These are the key concepts you need to understand to accurately answer the question.

Linear Regression
Linear Regression is a statistical method used to model the relationship between a dependent variable and one or more independent variables. In simple terms, it's about finding the straight line that best fits a set of data points. For a simple linear regression, we represent this line with the equation \( y = \beta_0 + \beta_1 x \), where \( y \) is the dependent variable, \( x \) is the independent variable, \( \beta_0 \) is the y-intercept, and \( \beta_1 \) is the slope. The goal is to minimize the discrepancies between the actual data points and the values predicted by the line.

This approach assumes that there is a linear relationship between the variables. The closer the data points are to forming a straight line, the more accurate the linear regression analysis will be. Despite its simplicity, linear regression can be a powerful tool for making predictions and understanding relationships within data.
Slope and Intercept Calculation
Calculating the slope and intercept of a line is essential in linear regression analysis. Let's break down how each is determined.

First, we calculate the slope, \( \beta_1 \). The formula for this is \( \beta_1 = \frac{\sum{(x_i - \bar{x})(y_i - \bar{y})}}{\sum{(x_i - \bar{x})^2}} \), where \( x_i \) and \( y_i \) are the data points, and \( \bar{x} \) and \( \bar{y} \) are the means of the x-values and y-values, respectively.

For the given data points \((0,1),(1,1),(2,2),(3,2)\), we compute \( \bar{x} = 1.5 \) and \( \bar{y} = 1.5 \). Then, substitute these into the formula to calculate \( \beta_1 \), which results as 0.4.

Next, we find the intercept, \( \beta_0 \), using the equation \( \beta_0 = \bar{y} - \beta_1 \times \bar{x} \). By plugging in \( \beta_1 = 0.4 \), \( \bar{x} = 1.5 \), and \( \bar{y} = 1.5 \), we find \( \beta_0 = 0.9 \).

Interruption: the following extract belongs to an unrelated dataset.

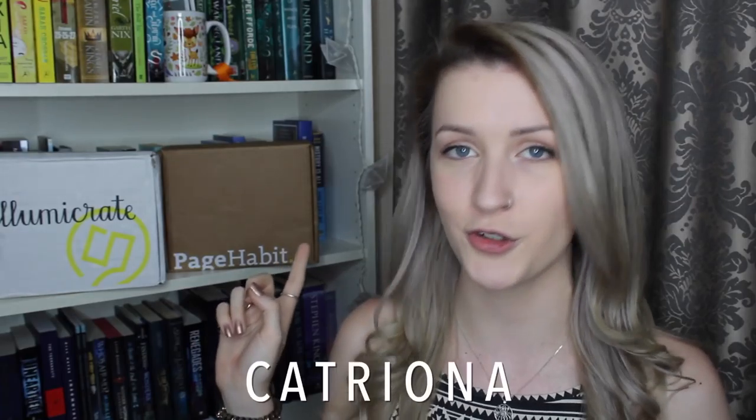Hello everyone, I'm Katrina and today I'm doing a double unboxing for the November Illumicrate and Pagehabit boxes. I will have some more information and links down below, but I do have coupon codes for both of these boxes. You can get 10% off the Illumicrate box using the coupon code LITTLEBOOKAL10, and you can either receive free US shipping or $5 off international shipping for the Pagehabit box using the coupon code KATRINA.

These calculations lead to the formation of the line equation \( y = 0.9 + 0.4x \), which best represents the linear relationship between the variables in the data set.
Statistical Data Analysis
Statistical data analysis involves examining data to uncover patterns and insights, often using statistical models like linear regression. It's crucial because it provides a systematic approach to understanding data relationships and making predictions.
  • Firstly, data collection is essential. Gather accurate and relevant data points for effective analysis.
  • Then, visualize the data using graphs and plots to observe potential relationships and outliers.
  • With linear regression, identify how well the line fits the data by examining the residuals — the differences between observed and predicted values.
Data analysis using techniques like least-squares regression allows us to determine the strength and direction of relationships between variables. It helps quantify variability, make predictions, and ultimately, draw significant conclusions that can guide decision-making processes. Overall, statistical data analysis is a powerful tool, enabling the understanding and articulation of complex quantitative scenarios.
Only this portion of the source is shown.